PHP SilverStripe ORM: Duplicate key value violates unique constraint for DataObject write
That note in the documentation is very out of date (even SilverStripe 2.1 from 2007 has the correct behaviour) and the approach described by the docs would lead to race conditions.
The complexity is that SilverStripe uses multi-table inheritance and what SilverStripe does is such cases is this:
- Insert into the SiteTree table
- Fetch the ID generated
- Insert into the Page table (and other tables) using the same ID
It may also do subsequent UPDATE writes to the SiteTree table with the same ID.
Unfortunately this doesn't necessarily help you solve your issue, but it can at least close off one possible source of the issue.
Edit: The documented SilverStripe's generated key support is broken, and uses a method of identifier generation that won't work properly. However, one of the devs has confirmed that this is a documentation bug, and the framework's true behaviour is no longer to use max() queries. So the problem is not there.
For anyone wondering why it's wrong to use max(...)
for key generation: it's totally concurrency unsafe. Even in subqueries. If you do:
INSERT INTO my_table(id, ...)VALUES( (SELECT max(id) + 1 FROM my_table), ...);
then both SELECT
s can run at the same time. They'll get the same result, and then both insert
s will try to insert the same value. Even if one insert
completes before the other select
runs, if it hasn't committed yet, the other select
won't see the new value.
It's only safe to do that if you LOCK TABLE
first, or SELECT ... FOR UPDATE
in the subquery.
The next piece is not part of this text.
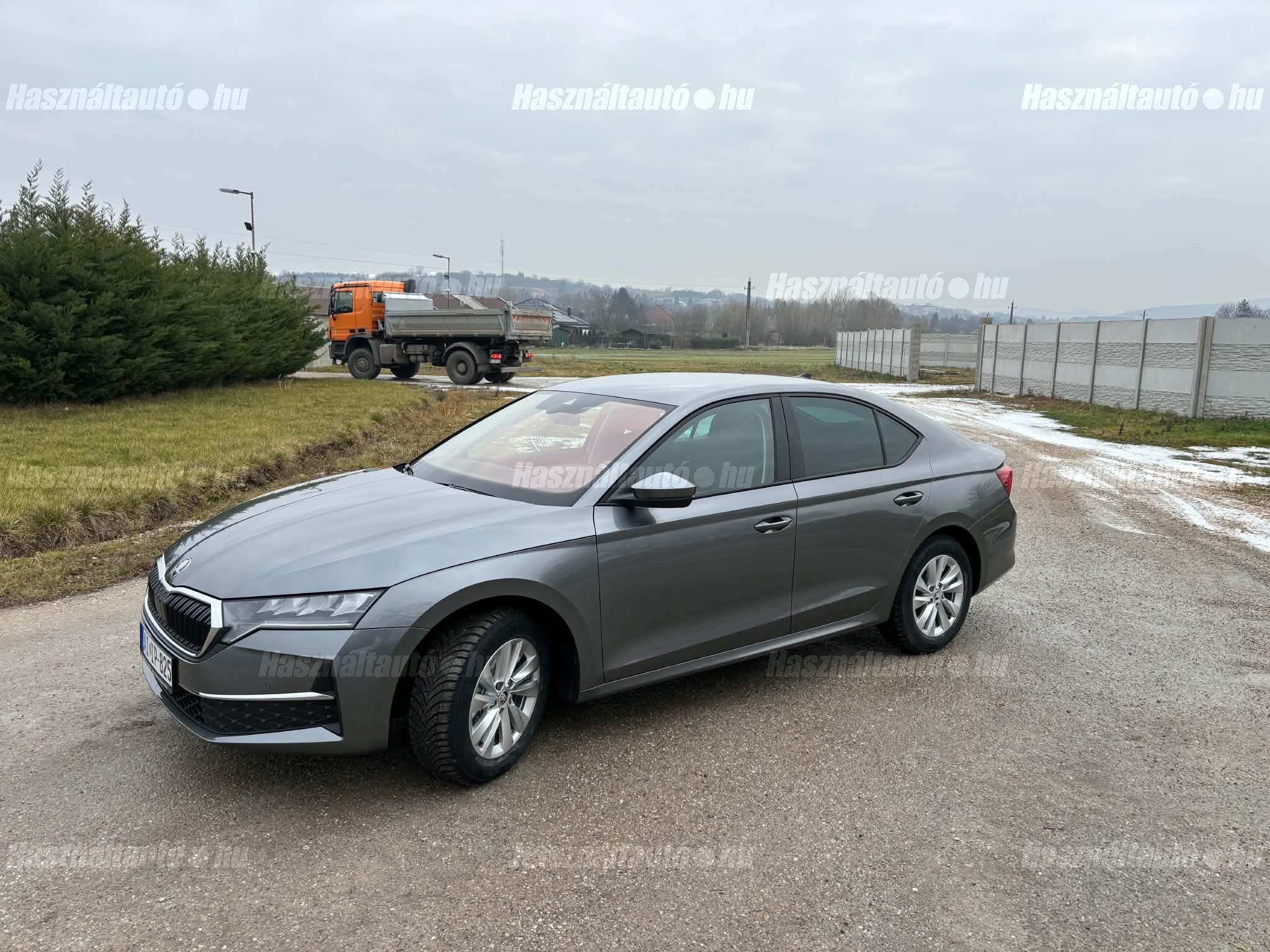 SKODA OCTAVIA 2024 - 1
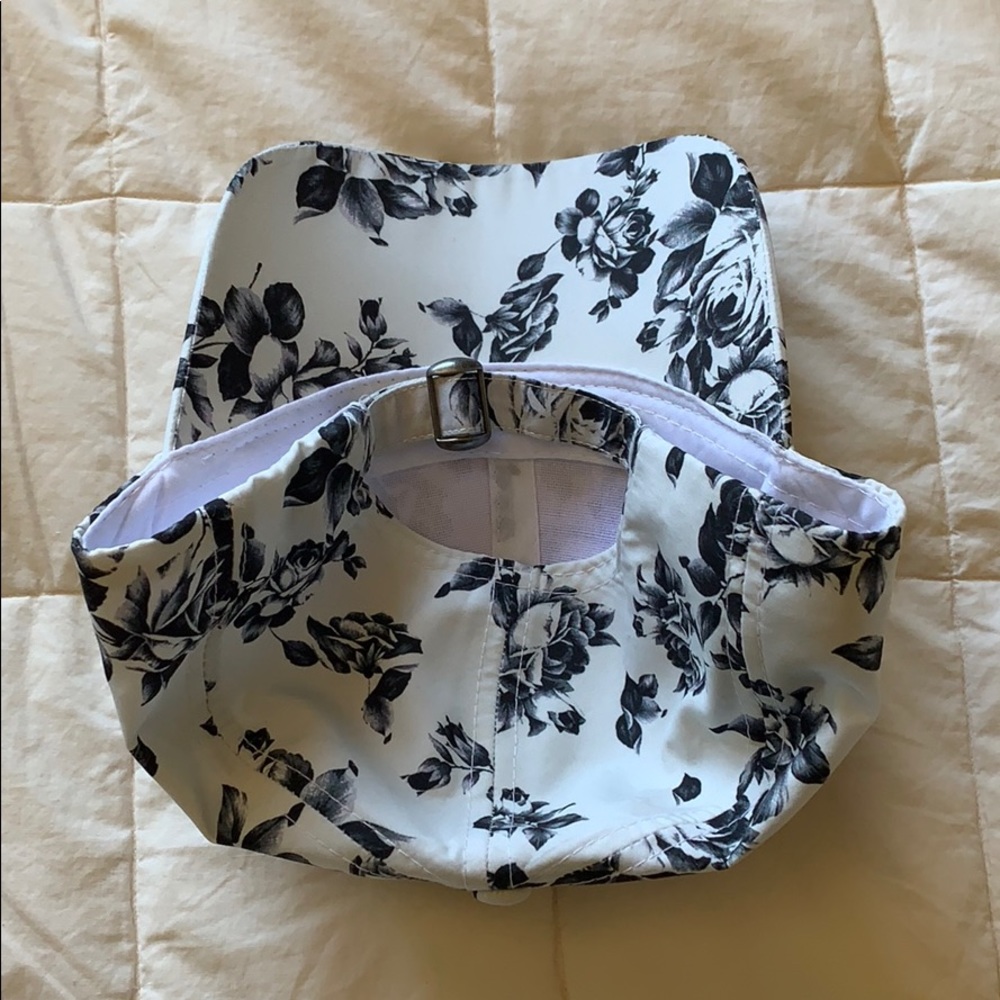 NWOT David & Young Floral Black/Cream Baseball Hat - Picture 3 of 3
A SELECT ... FOR UPDATE
is much slower in this case.
So if you can modify SilverStripe, change it to at least send a LOCK TABLE mytable IN EXCLUSIVE MODE;
before the SELECT max(...)
so it's slow and clumsy but not also broken.
Or, better, fix it to just use a database sequence.
If there's a real business need for gap-less numbering, use a counter table maintained by UPDATE ... RETURNING ...
instead. (If you need portability you must use SELECT ... FOR UPDATE
then UPDATE
, in the same transaction).
Update: The framework no longer uses that approach in recent versions.
(Removed grumpy rant about the approach as non-constructive)
As @CraigRinger pointed out, the way the inserted ID was being accessed was across all sessions, rather than per session. I've updated the PostgreSQL module to instead use currval() which is session based.
So far I haven't replicated the issue again however I'm not entirely convinced this is the core of the issue. I'll update this if it faults again.